A Game for the Living
- First edition
- Author: Patricia Highsmith
- Language: English
- Set in: Mexico
- Published: Harper & Brothers (1958)
- Media type: Print

= A Game for the Living =

1958 novel by Patricia Highsmith

A Game for the Living (1958) is a psychological thriller novel by Patricia Highsmith. It is the sixth of her 22 novels and the only one set in Mexico.

==Composition==
The novel is dedicated to one of Highsmith's college teachers, Ethel Sturtevant, "my friend and teacher", along with Dorothy Hargreaves and Mary McCurdy.

==Synopsis==
Ramon, a devoutly Catholic furniture repairman in Mexico City meets Theo, a wealthy German atheist expatriate who questions the happiness he had found in his new home: "Theodore thought he was as happy as anyone logically could be in an age when atomic bombs and annihilation hung over everybody's head, though the world 'logically' troubled him in this context. Could one be logically happy?" An unlikely friendship develops, until Lelia, a woman they have both slept with and care for, is found brutally raped, murdered and mutilated. Each suspects the other is responsible, and the police investigate them both as well. They learn that Lelia may have been robbed and track a suspect to Acapulco, but Theo believes he is under surveillance.

==Reception==
Dorothy B. Hughes, a somewhat older author of crime fiction who did not care for Highsmith's writing in general, objected in private to Highsmith's "lack of empathy to the Mexican nationals" in this novel.
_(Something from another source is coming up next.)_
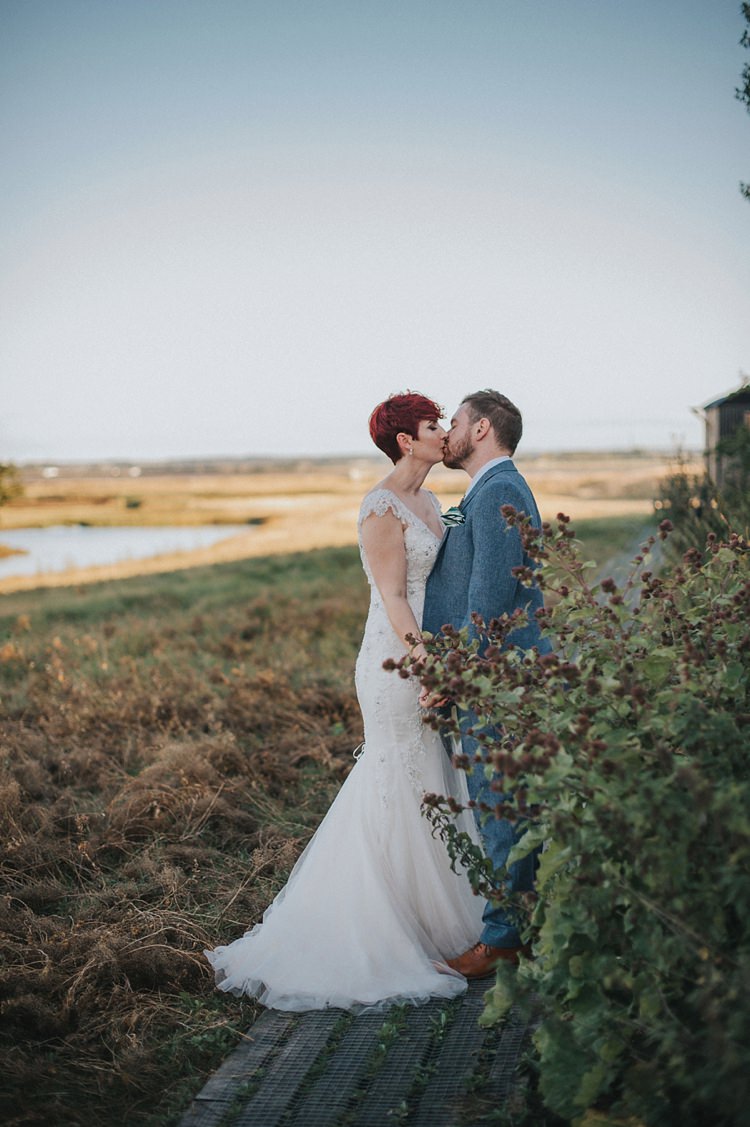 Bride Bridal Maggie Sottero Ivory over Gold V Neck Lace Groom Blue Suit Three Piece Waistcoat Bespoke Colourful Informal Wedding Victorian Fairground Games Elmley Nature Reserve Kent http://www.juliaandyou.com/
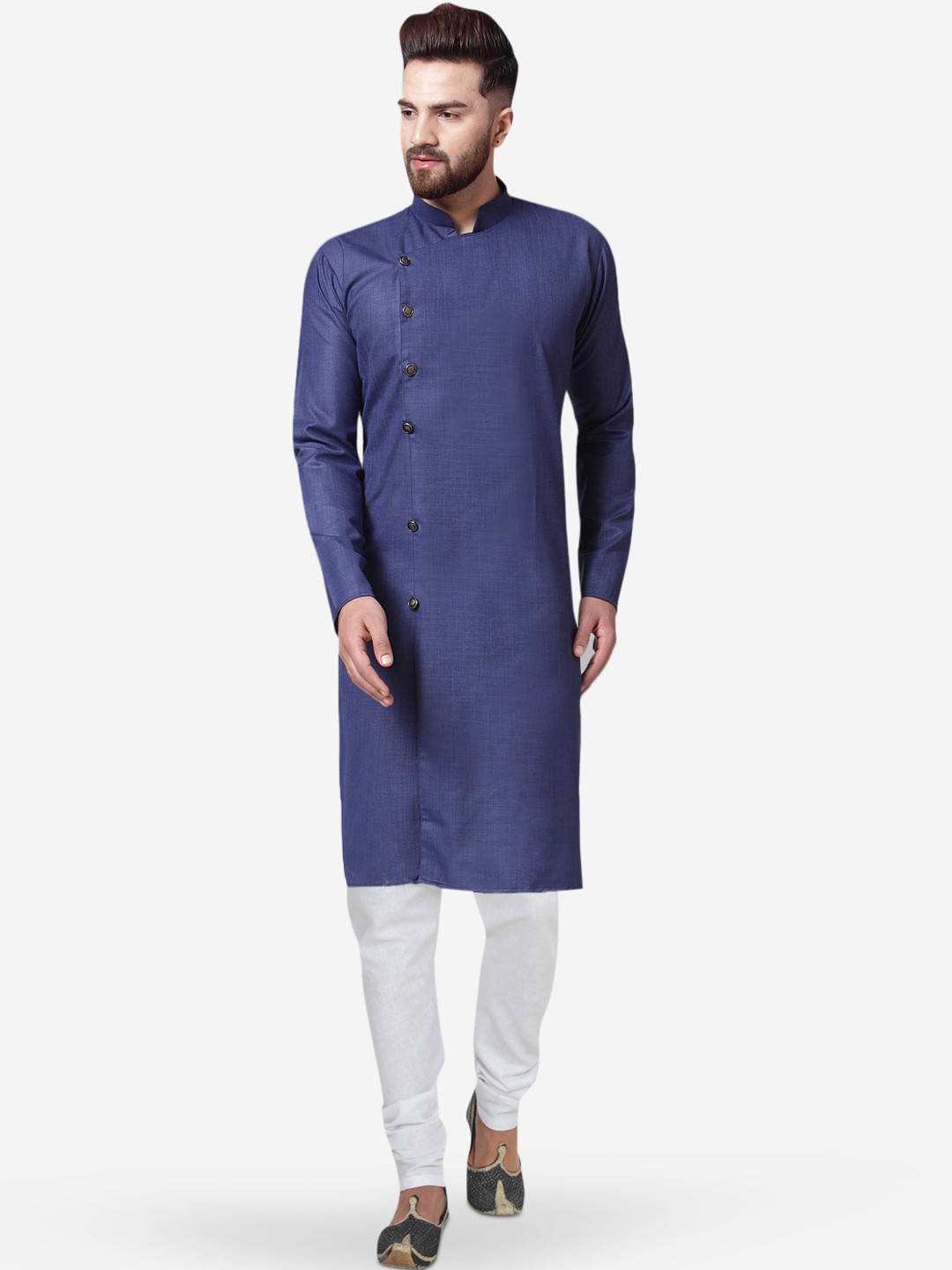 

Jompers Men Blue & White Solid Kurta with Pyjamas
Highsmith herself had a negative opinion of her novel, regretting her attempt to write in the mystery genre. She later wrote:
I had tried to do something different from what I had been doing, but this caused me to leave out certain elements that are vital for me: surprise, speed of action, stretching the reader's credulity, and above all the intimacy with the murderer himself. I am not an inventor of puzzles, nor do I like secrets. The result, after rewriting the book four times in a gruelling year of work, was mediocrity. I always say to foreign publishers, and to publishers who contemplate a reprint, "This is my worst book, so please think twice before you buy it."